Department of Psychiatry, Institute of Mental Health, University of Nottingham, Innovation Park, Triumph Road, Nottingham NG7 2TU, UK.
Public Health. 2012 Oct;126(10):846-54. doi: 10.1016/j.puhe.2012.05.008. Epub 2012 Aug 24.
To develop models to estimate the likely prevalence of medically unexplained symptoms (MUS) and severe MUS in a primary care practice from existing patient electronic records collected in the previous 2 years for secondary prevention and commissioning of psychological treatment.
Cross-sectional survey comparing general practitioners' (GPs) assessment of the presence or absence of MUS and severe MUS with clinical, demographic and service use variables associated with MUS or functional somatic syndromes from previous research in the patient's routine electronic record over the previous 2 years.
Seventeen GPs from eight practices identified cases of MUS and severe MUS in 828 consecutive consulters in primary care. Models of variables associated with MUS and severe MUS were constructed using multivariate multilevel logistic regression. The predictive validity of the final models was tested, comparing predicted with observed data and expected prevalence rates from the literature.
Models to predict MUS and severe MUS had areas under the receiver operating characteristic curve of 0.70 [95% confidence interval (CI) 0.65-0.74] and 0.76 (95% CI 0.70-0.82), respectively. Both models showed adequate goodness of fit with observed data, and had good predictive validity compared with the expected prevalence of MUS, severe MUS, and anxiety or depression.

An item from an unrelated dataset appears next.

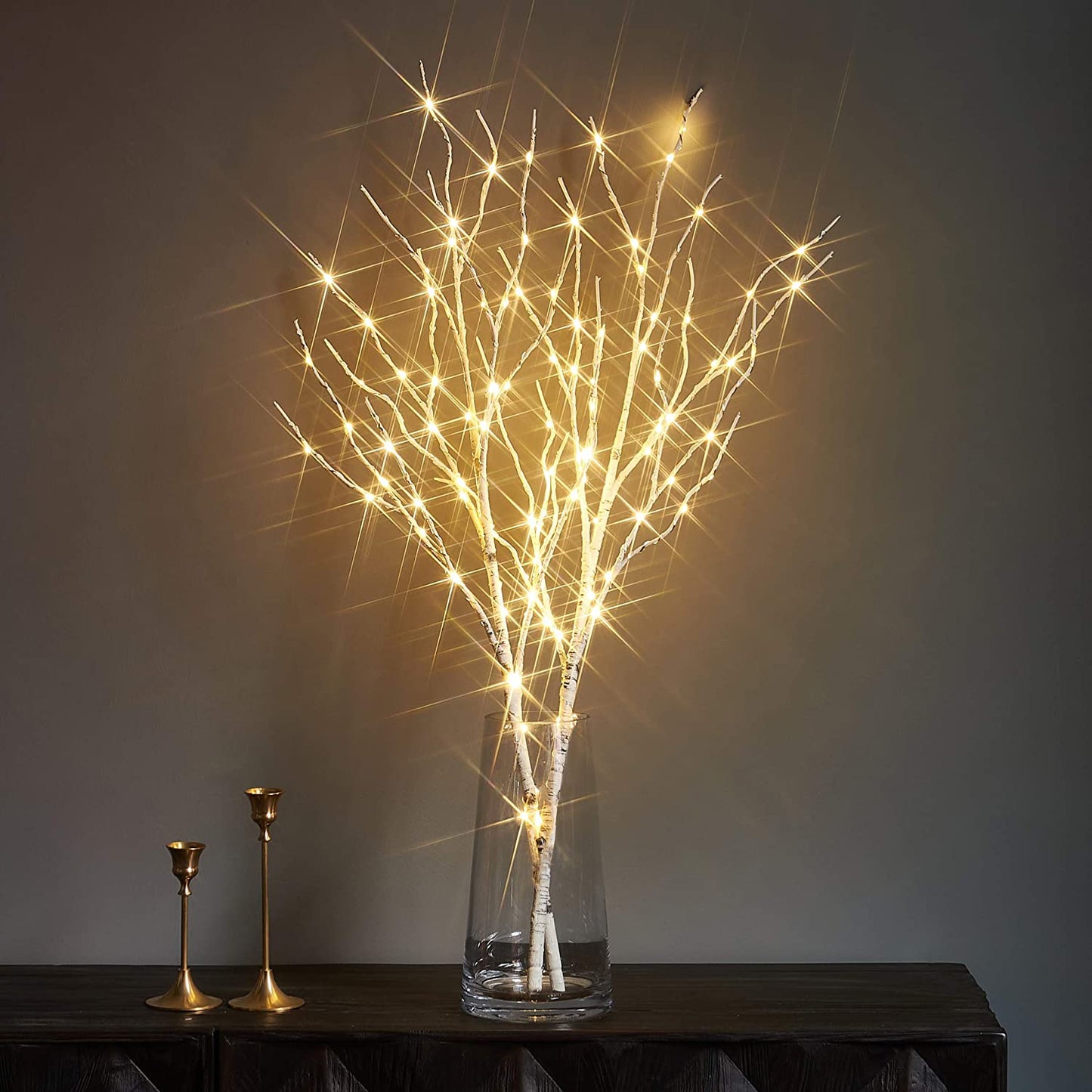 LED Birch Branch Ambient Light - 100 LED Beads, Adjustable Brightness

Models to predict the prevalence of MUS and severe MUS from routine practice records for commissioning purposes were successfully developed, but they require independent validation before general use. The sensitivity of these models was too low for use in clinical screening.
从过去 2 年中为二级预防和委托心理治疗而收集的现有患者电子病历中,开发模型来估计初级保健实践中可能出现的无法用医学解释的症状(MUS)和严重 MUS 的患病率。

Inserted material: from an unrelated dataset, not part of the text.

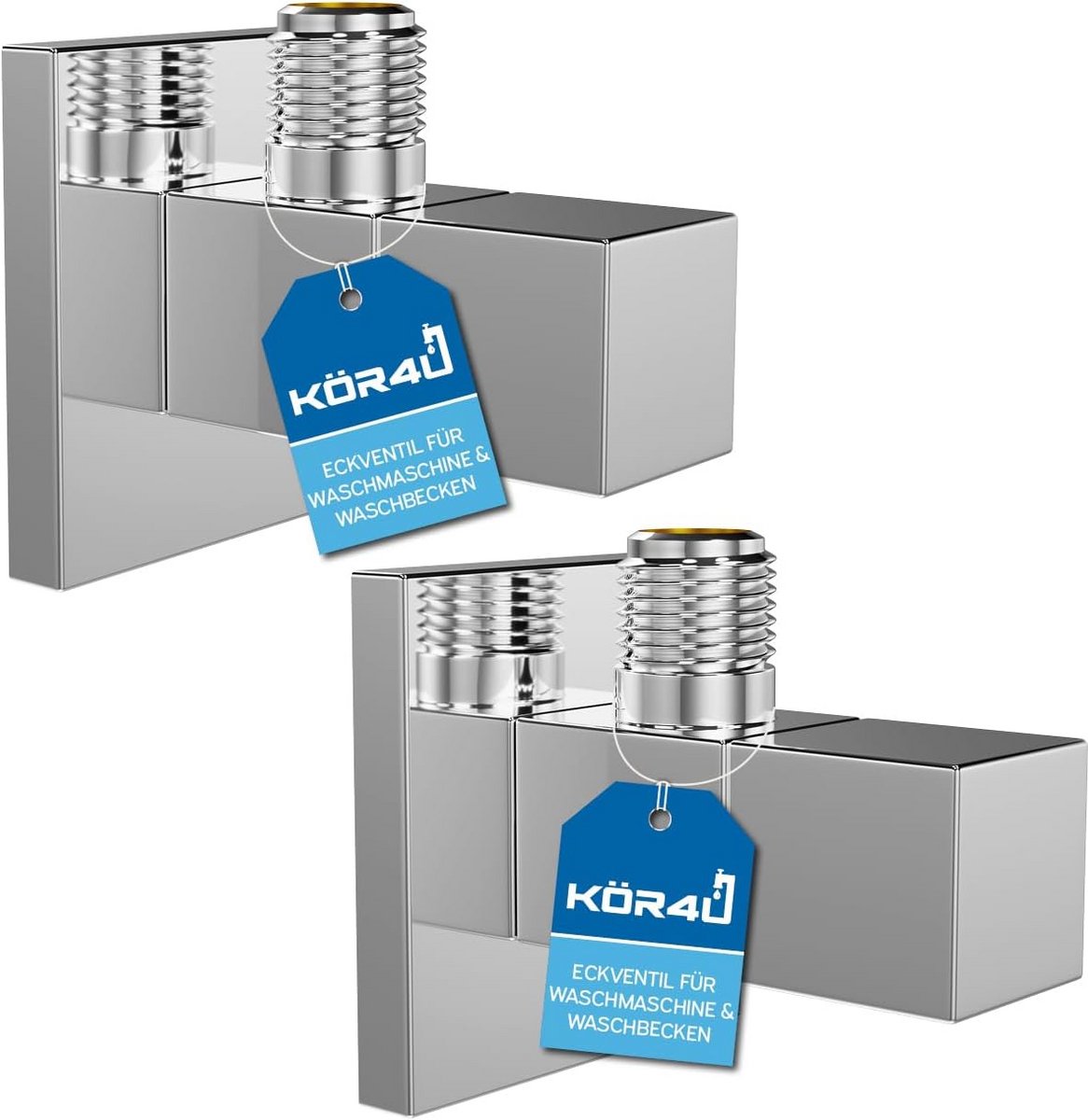 Set van 2 Hoekventielen 1/2 x 3/8 inch Hoekig Chroom met Snelsluiting voor Badkamer en Keuken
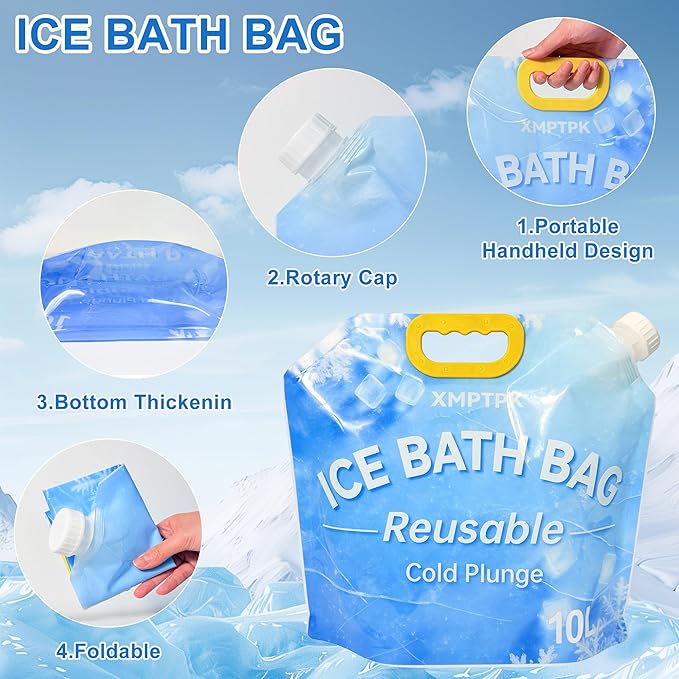 4 Pack Ice Bath Bags, Reusable Cold Plunge Tub Accessories, Portable Bathtub Freezer Water Bags with Handle for Home Outdoor Bathtub Bucket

横断面调查比较全科医生(GPs)对 MUS 和严重 MUS 的存在或不存在的评估与过去 2 年中患者常规电子病历中与 MUS 或功能性躯体综合征相关的临床、人口统计学和服务使用变量。
来自 8 个实践的 17 名全科医生在初级保健中连续评估了 828 名连续就诊者,确定了 MUS 和严重 MUS 的病例。使用多变量多级逻辑回归构建与 MUS 和严重 MUS 相关的变量模型。使用最终模型预测的观察数据和从文献中预期的患病率比较来测试最终模型的预测有效性。
预测 MUS 和严重 MUS 的模型的受试者工作特征曲线下面积分别为 0.70 [95%置信区间(CI)0.65-0.74]和 0.76(95% CI 0.70-0.82)。这两种模型与观察数据的拟合度均良好,与 MUS、严重 MUS、焦虑或抑郁的预期患病率相比具有良好的预测有效性。
为委托目的从常规实践记录中预测 MUS 和严重 MUS 的患病率的模型已成功开发,但在广泛使用之前需要进行独立验证。这些模型的敏感性太低,无法用于临床筛查。